In the 18th and early 19th century many dyes and pigments had to be made from natural sources like plants and minerals and that meant that certain colors could be extremely expensive. In fact purple was so expensive it was a sign of status since the times of Rome all the way to 1850 when the pigment mauvine was invented. So chemists were constantly on the lookout for ways to make new chemical based colors and when these new colors were made they were instantly popular. So enter Scheele an apothecary running a lab near Stockholm. He discovered that by mixing washing soda with arsenic trioxide and then adding the bright blue copper sulfate which was used in print making he could make a very bright green durable color that would easily bond to whatever it was put on.

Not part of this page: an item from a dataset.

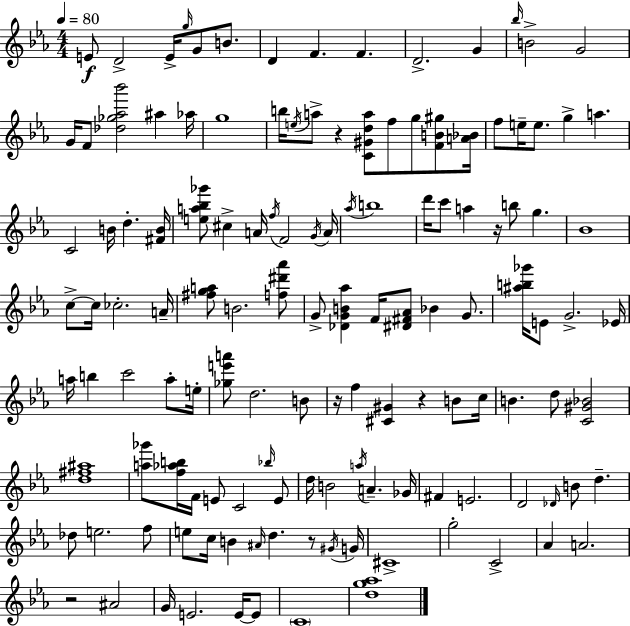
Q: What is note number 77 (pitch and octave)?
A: B4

So naturally people put it on everything. House paint, clothing, even toys were all turned arsenic green and probably most infamously wall paper. Actually arsenic isn’t all the dangerous so long as it stays very dry but when it’s exposed to moisture it gives of deadly arsenic vapors. Homes of the time unluckily had a bad habit of being kind of damp so people would slowly be poisoned by the paint or wall paper of their homes leading to seemingly spontaneous cases of arsenic poisoning, unfortunately many of these victims were children. Its thought that Neapolitan himself may have been poisoned this way since his prison/house on St Helena was covered in the color. It also somehow found as its way dangerously into food dye leading at least two accounts of party guests or their family’s being killed accidentally.

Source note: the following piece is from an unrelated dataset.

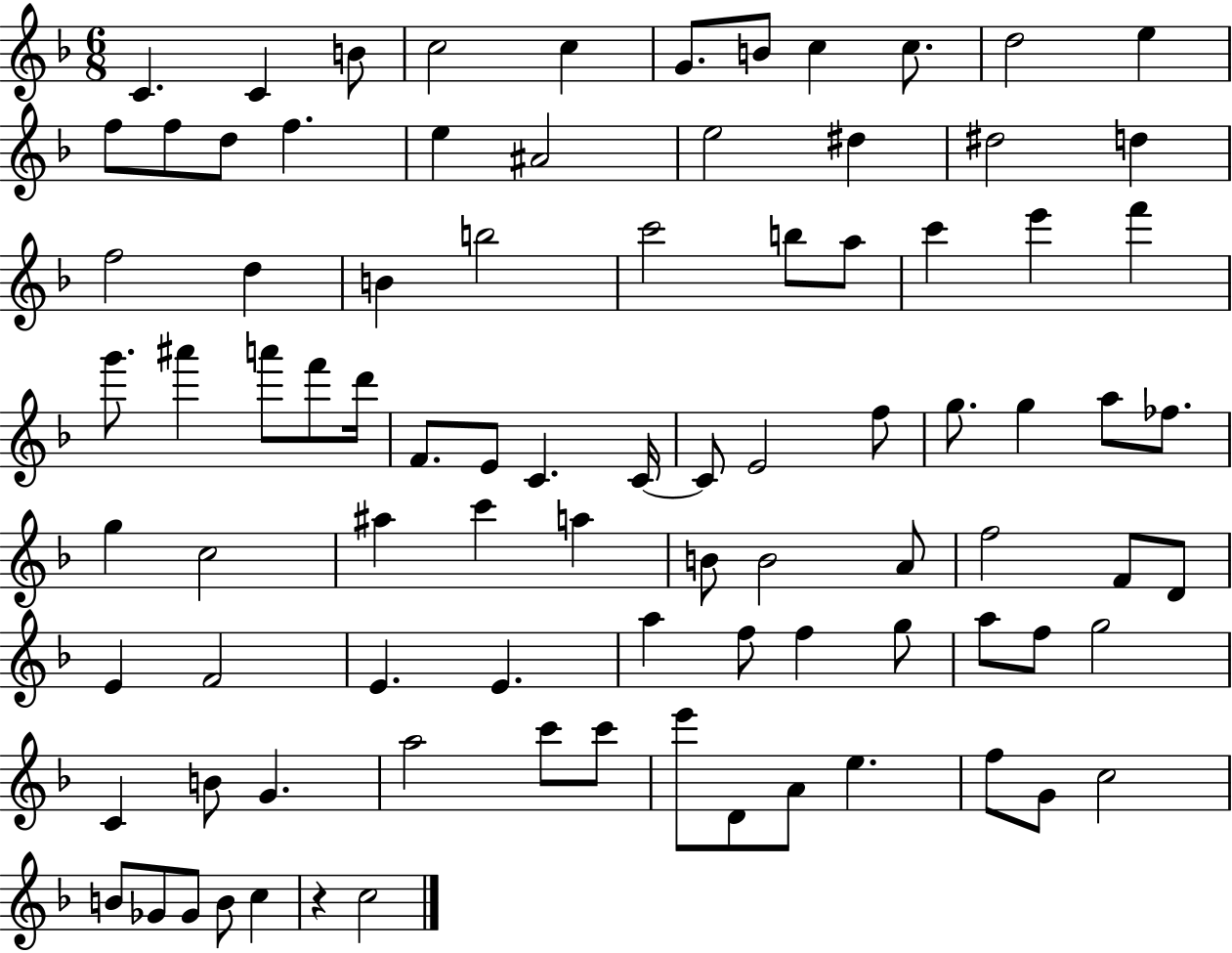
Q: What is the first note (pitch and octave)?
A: C4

In 1814 two Germans named Russ and Sattler wanted to make Scheele’s green better so they added verdigris the blueish sort of rust that forms on oxidized copper. Their new color became known as emerald green and by nick name Paris green. It became even more popular than Scheele’s green though just as deadly. It was especially popular with English cloth manufactures who made in turn clothing in the color. This proved to be the down fall of Paris green since people who liked wearing the color were often sickly and would suffer early deaths. By 1822 it became publicly known that it contained arsenic but it was still used until around 1870 when better green pigments came along but it wasn’t officially banned until the 1960’s. It is still possible to find hold homes painted in Paris green today costing the unsuspecting home owner thousands to remove it. Oh and If you wondering how a color made in Germany came by the name Paris green it was because the city of Paris dumped tons of the stuff into the city sewers in a plan to stop the infestation of rats.

Since cavemen painted on walls humans have always been obsessed with color. /After all we even made paint out of the remains of the dead  . It’s that obsession that has led to brilliant works of art by the masters but in the case of Paris green it also lead to more than a few who lost their lives in the name of fashion.